The second is as a corporation, in which the suppressor is purchased by the corporation and becomes a corporate asset - and therefore can only be possessed by corporate officers and directors.  This is the route I took.  With this route there's no photo, fingerprint, background check, or CLEO signature requirement.  For this approach you need to have a corporation.  It can be either a C corp or an S corp, and there are folks out there using LLCs and trusts also.  There isn't a lot of precedent in terms of the ATF "accepting" LLCs and trusts, so I went with the C corp (what you'd think of as a "normal" corporation) since C corporations have been and will always be considered "real" corporations.  The benefit of going the corporate route is no photo, fingerprint, background check, or CLEO, but there are drawbacks too.  First you have the cost of incorporating in your state of residence and then (typically) an annual filing fee and an annual report.
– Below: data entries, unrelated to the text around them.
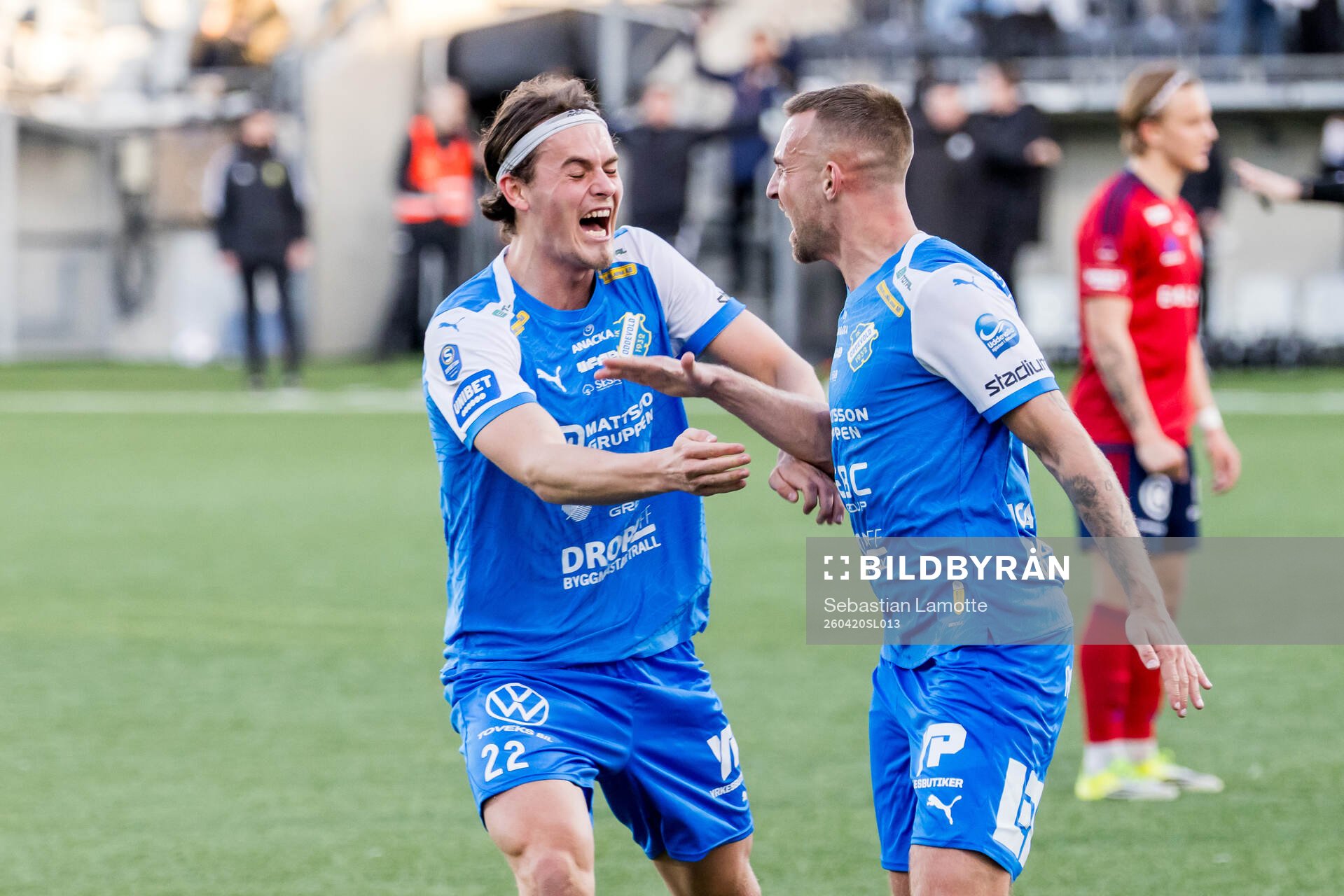 Oddevolds Johan Albin jublar med målskytten till 1-0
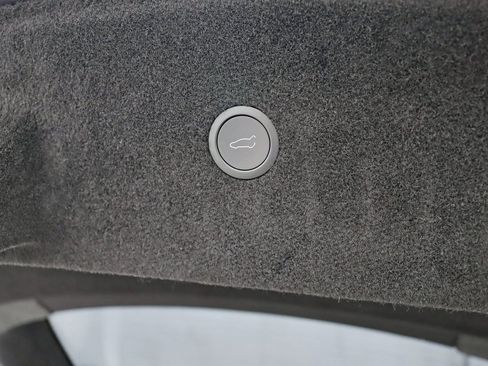 Used 2023 Tesla Model S Standard Range image 40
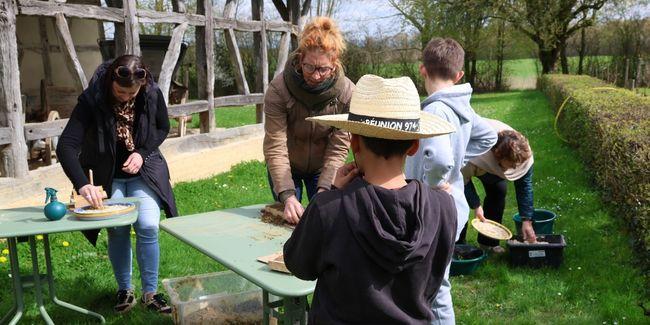 Atelier bâtisseurs et nature en famille à la Ferme de la Forêt - Courtes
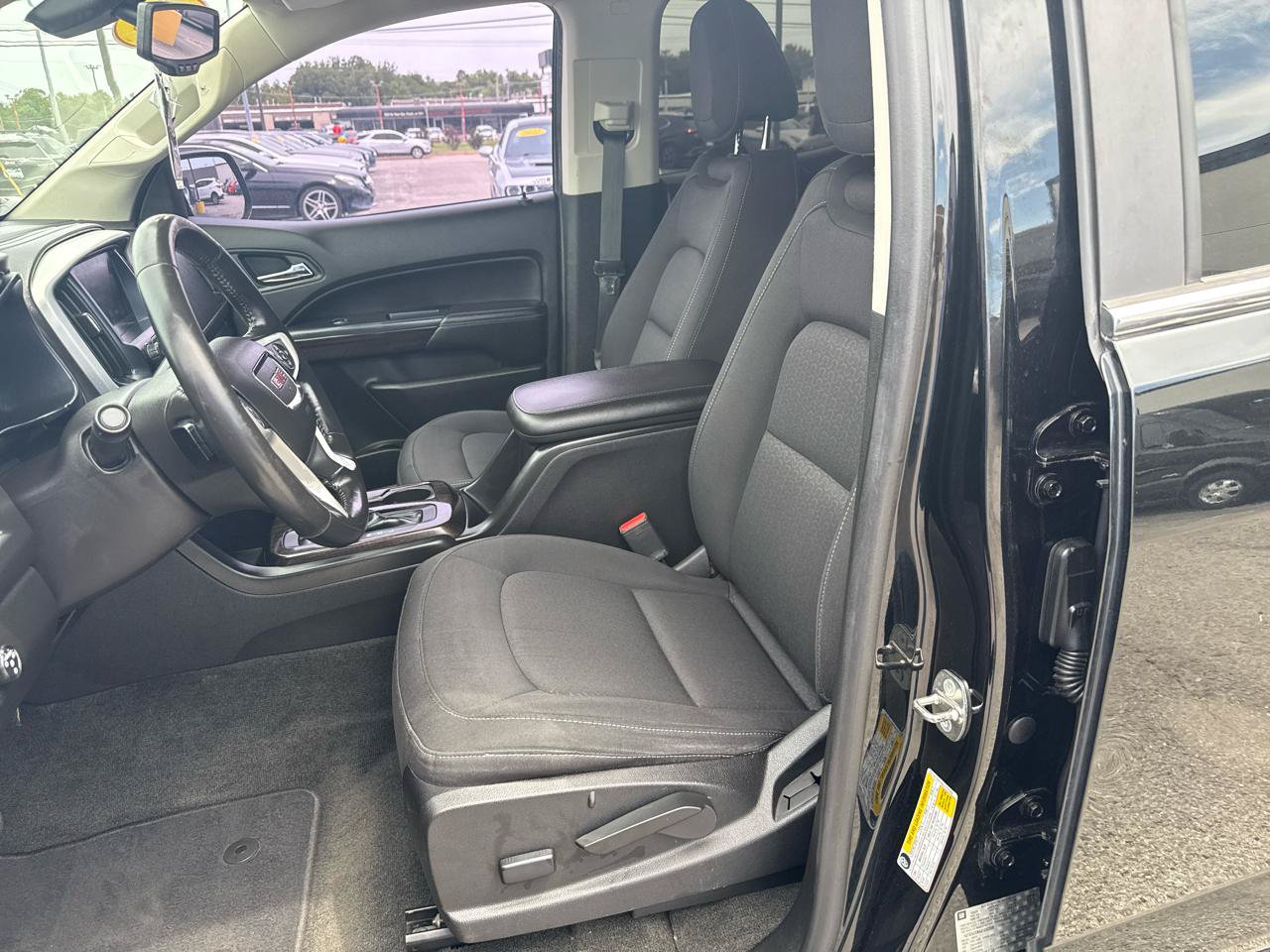 Used 2018 GMC Canyon SLE RWD image 9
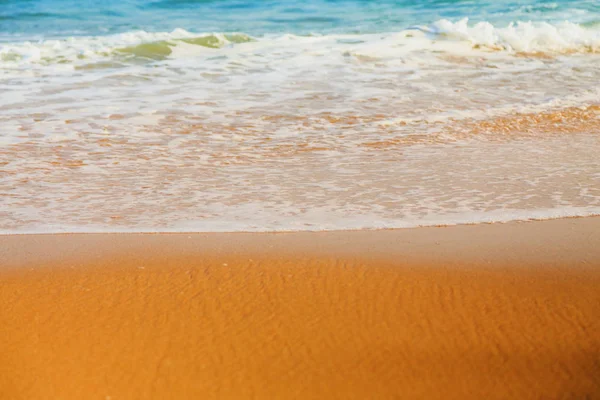 Suave ola de océano en la playa de arena — Foto de Stock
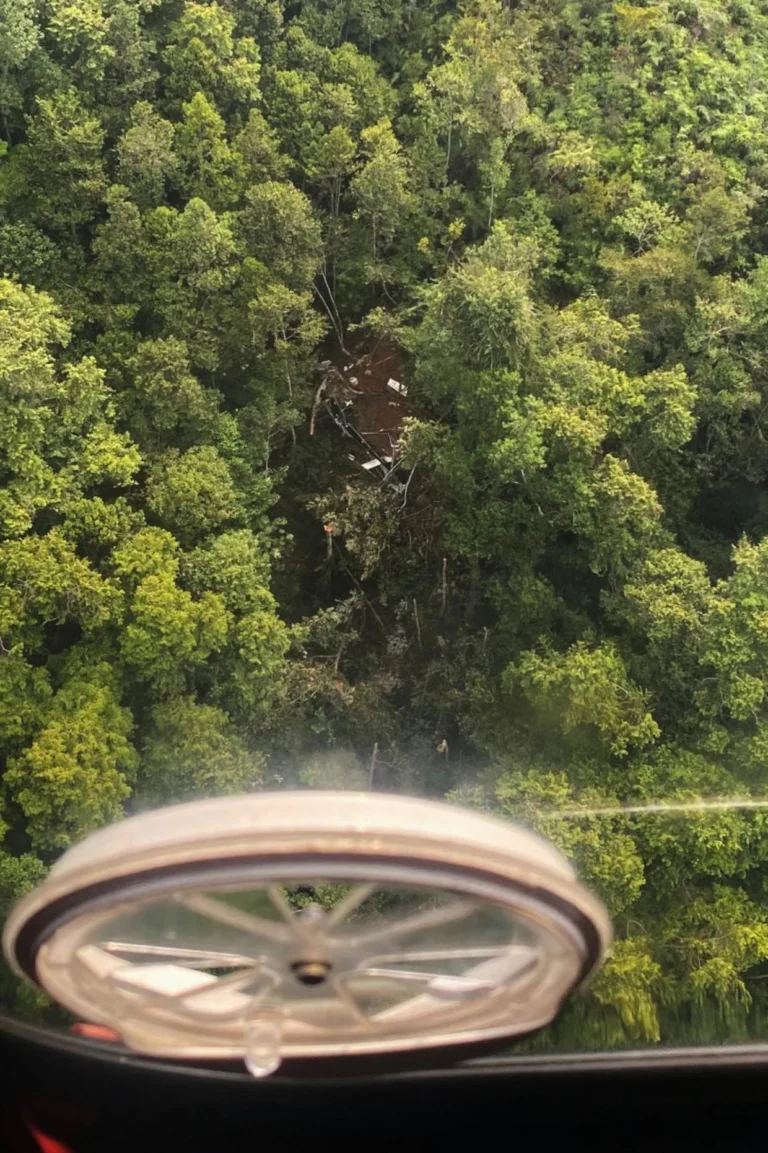Indonesia Helicopter Crash Kills 8 Just Minutes After Takeoff in Borneo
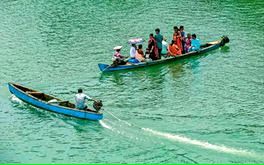 മോട്ടോർ ഘടിപ്പിച്ച വള്ളങ്ങൾക്ക് നിരോധനം; എങ്ങനെ ‘കടക്കും’ ഈ നിയമക്കുരുക്ക്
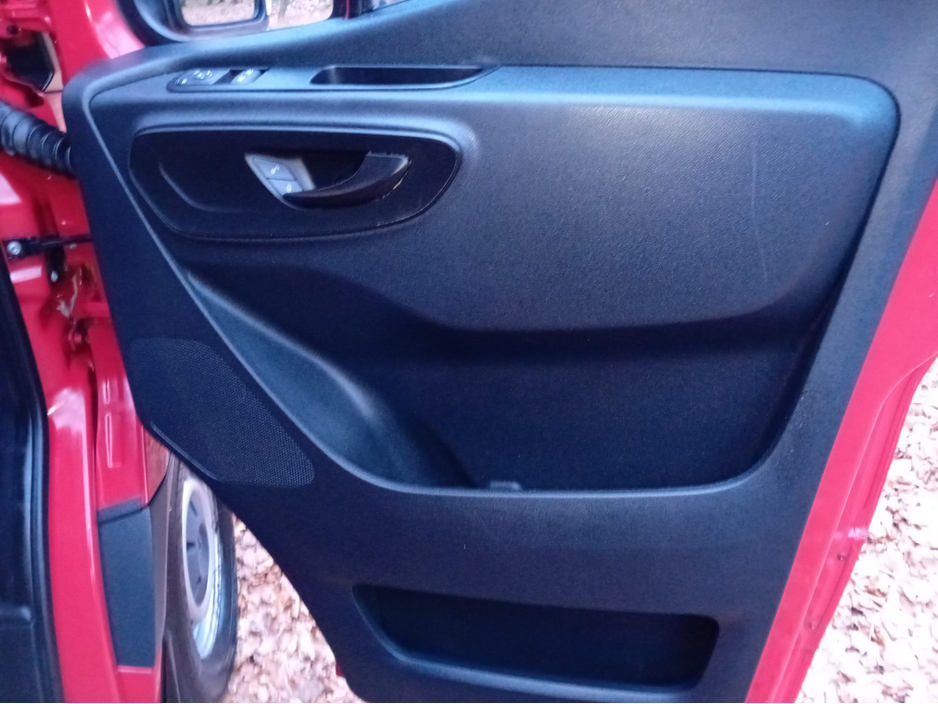 2019 Mercedes-Benz Sprinter - image 14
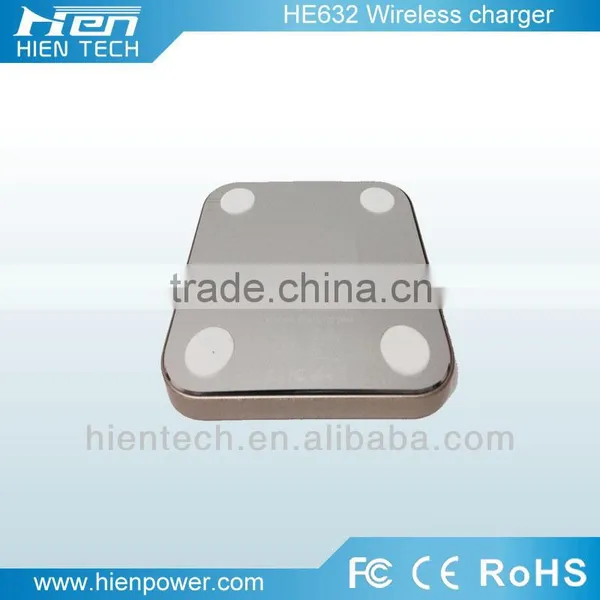 Ultra Thin Qi Induction Charging Pad Slim 5V1A Qi Wireless Charger photo-6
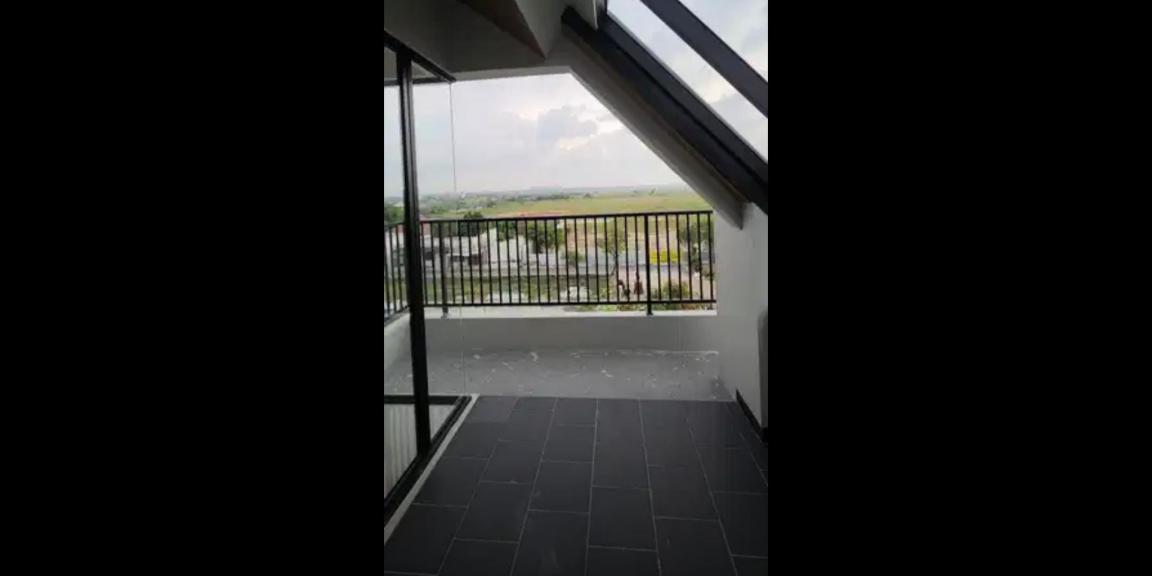 Dijual Rumah Minimalis 3 Lantai di Jakarta Garden City, Jakarta Timur Dijual Rumah Minimalis 3 Lantai di Jakarta Garden City, Jakarta Timur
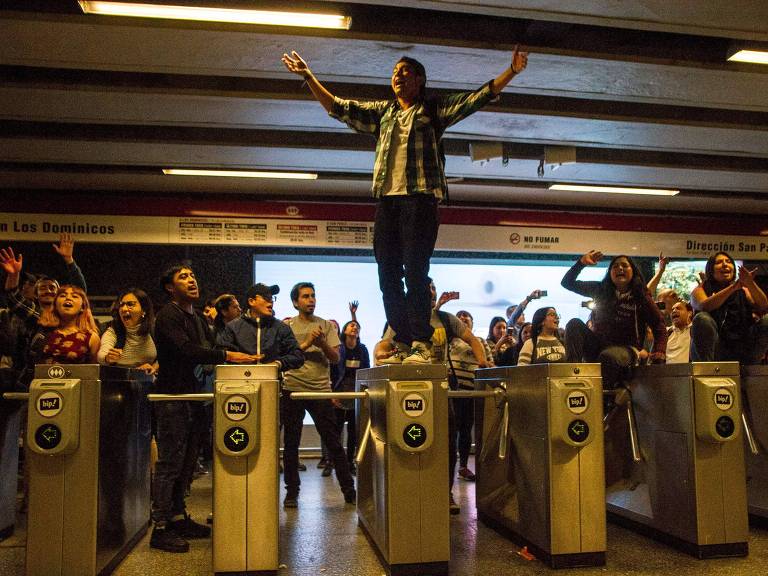 No Chile, manifestantes vão às ruas contra aumento da passagem de ônibus em Santiago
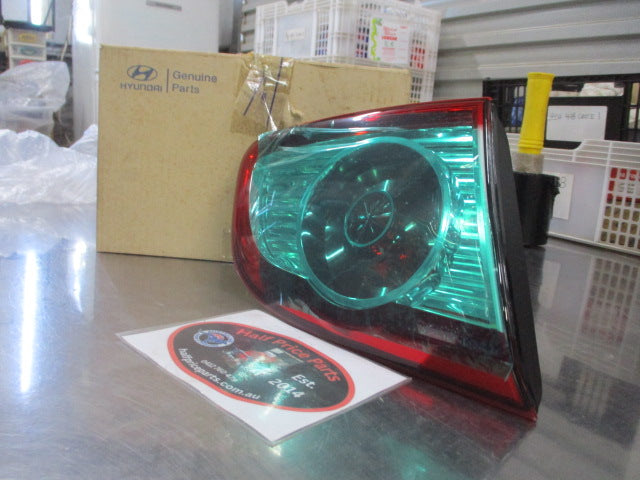 Hyundai Santa Fe Genuine Left Hand Rear Tail Light Assembly New Part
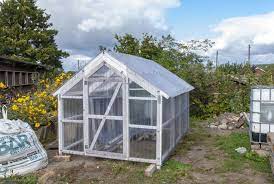 Für hobbyhandwerker ist es am einfachsten, die rahmenkonstruktion aus holz zu bauen. Ein Gewachshaus Selbst Bauen So Geht S Schritt Fur Schritt Ein Stuck Arbeit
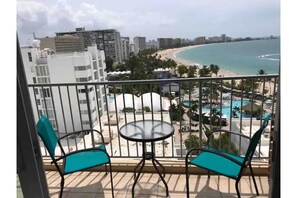 Gorgeous Isla Verde Beach View.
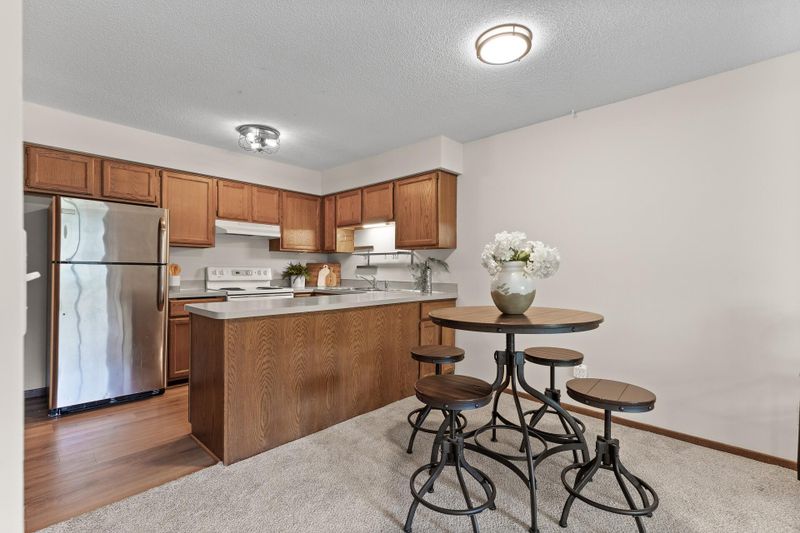 4704 Lenore Ln, Eagan, MN 55122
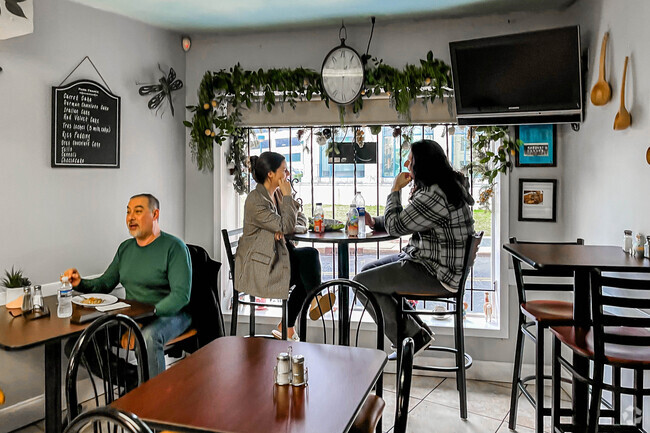 City Deli I has very cozy indoor seating for dining in Central West, NJ.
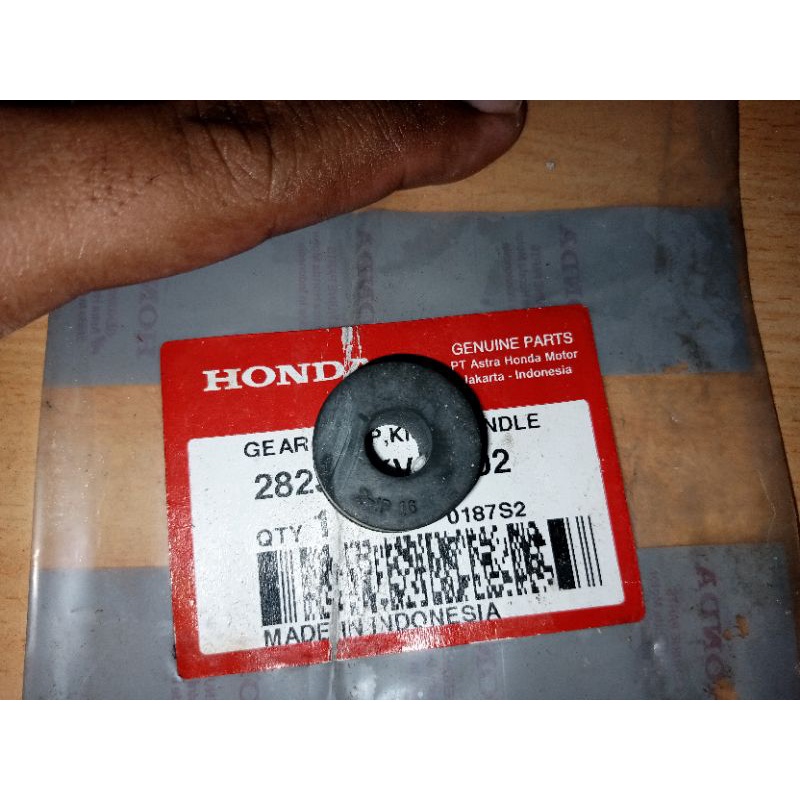 karet dudukan speedometer gl100 ori karet bracket gl100 ori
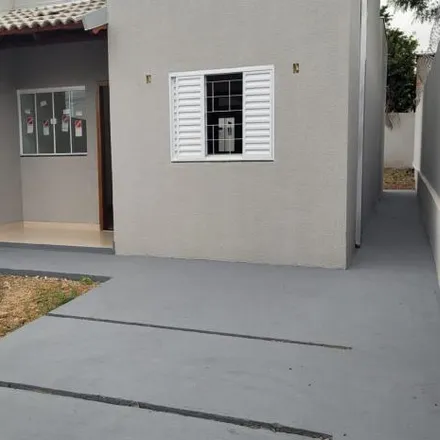 Buy this 2 bed house on Rua 8 in Cerrados, Várzea Grande - MT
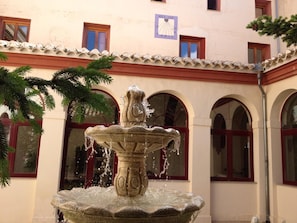 Esterni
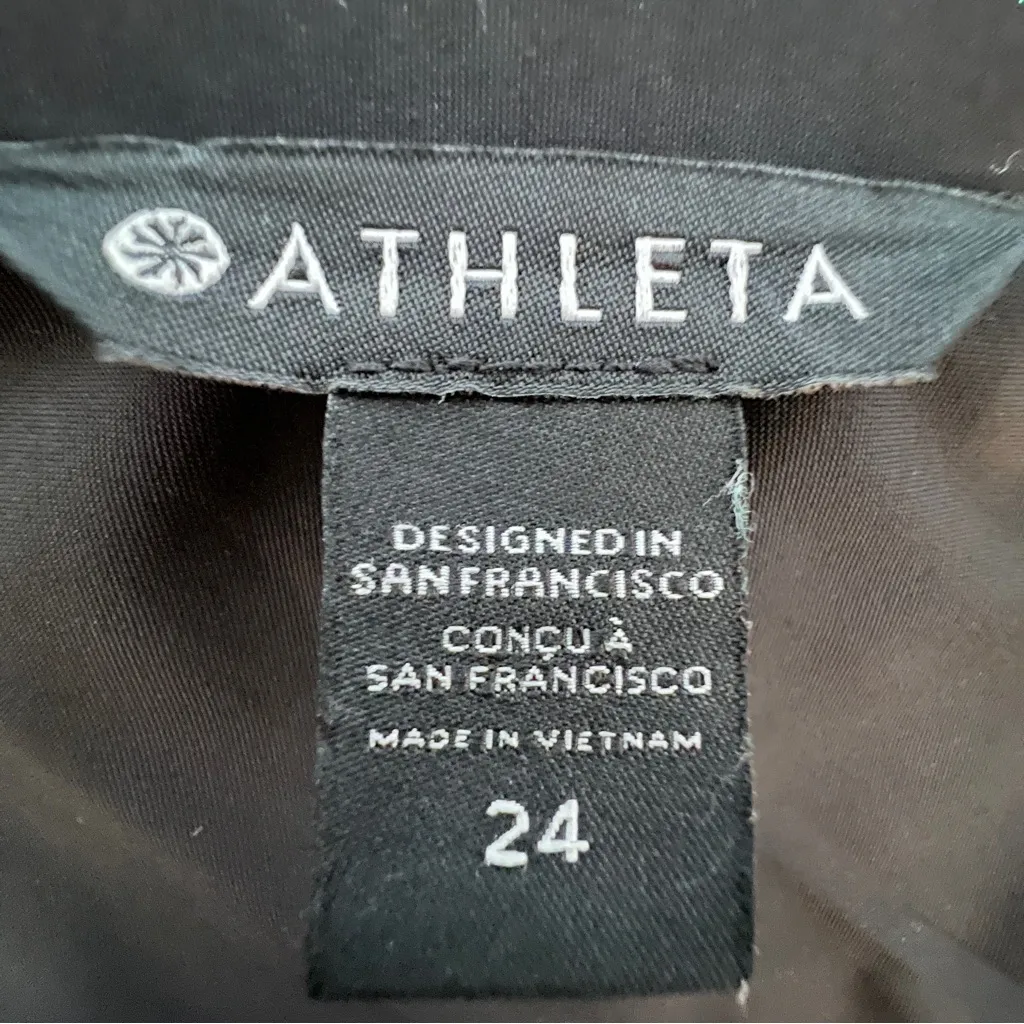 Athleta Black Women's Blazer - Image 4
The corporation is also subject to typical corporate resolution requirements (to keep the corporate veil in place) such as annual meetings, a Board of Directors, executive officers, etc.  In addition, if a suppressor is owned by a corporation, then if for any reason your personal assets are at risk (bankruptcy, etc.), the corporate assets are legally isolated.  If possessed by anyone other than an authorized corporate officer or director, then the possessing party is guilty of a felony.  There are provisions in the NFA for legal temporary storage of NFA items by corporations.  Corporations are not as much trouble as they sound like they'd be.

It's generally a good idea to carry a copy of the approved Form 4 with the can at all times in case you get stopped by a police officer.  If you want to transport a can across state lines, irrespective of whether it's owned by a corp or by an individual, there is technically no ATF approval required.  However, since most police officers don't know the ins and outs of the NFA, I get approval."

ML


----------